Thanks and Regards, Sritam Paltasingh.
@sritam2 The question you should ask yourself is, how much time is passing by between the "initialization of all its components" and the first client connection you want to handle and is this duration really critical to your system's behavior?
In general, in embedded software architectures you should avoid mixing up too many components in one application process (even with threads). This kind of architecture quickly leads to monster-processes which if they are crashing, nothing works anymore.
Think IPC or RPC.
@pboettch: thank you so much for your valuable feedback. I will think of RPC or IPC or signal notification mechanism for handling my usecase. Actually I am using libevent API library. I create many events which are controlled(what I mean is the scheduling of call back routines associated with each event) by an event handler algorithm/subroutine. But if any call-back, associated with any event, makes blocking call then the event handler algorithm/subroutine cannot run other call backs as my entire project is a single threaded application. I will look for IPC or RPC or signal handler options (provided by linux kernel).

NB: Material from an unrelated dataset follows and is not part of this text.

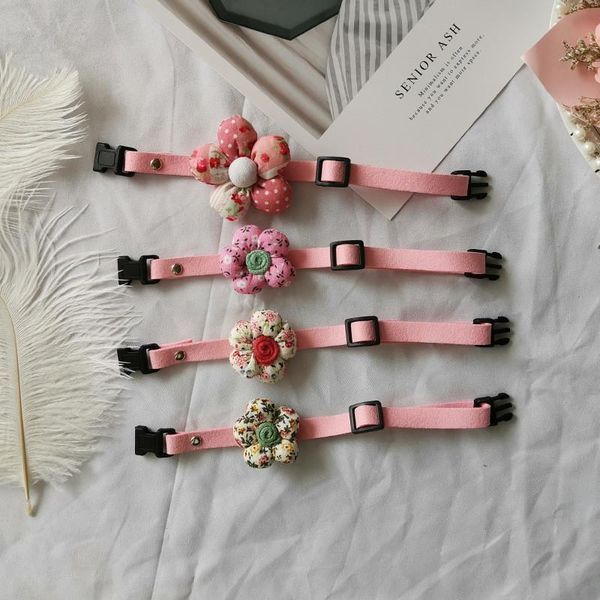 cat collars & leads collar with small flower adjustable neck ribbon pet tie bow necklace dog ring supplies
cat collars & leads collar with small flower adjustable neck ribbon pet tie bow necklace dog ring supplies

Thanks and Regards, Sritam Paltasingh.
Oh, I get it, it's only about the blocking aspect of accept()
.
Well, you can use the server-socket with poll()
or select()
to check whether there is activity on the socket. This, together with a timeout give you a kind of non-blocking behavior. You can also check whether the socket-option O_NONBLOCK
works on server-sockets.
@pboettch: I am sorry for my late reply. I did investigation. if I change my server socket flag settings from O_BLOCK to O_NONBLOCK then my call to "modbus_tcp_accept()", which will eventually call accept() or accept4(), will fail if no client connection is there(which is my use case). Again I need to manually call modbus_tcp_accept() till it succeeds. So, best is to call poll() or select(). I will do further investigation and tell you the results.
Thanks and Regards, Sritam Paltasingh.
libmodbus version
libmodbus v3.1.4
OS and/or distribution
Ubuntu Linux 16.04.3 LTS
Environment
x86_64 gcc/g++ 4.9 and gcc/g++ 5.4.1
Description
Attempt to use the libmodbus library in C++ code.
Actual behaviour
The modbus_tcp_accept function freezes, stands still. The debugger does not go to the next breakpoint.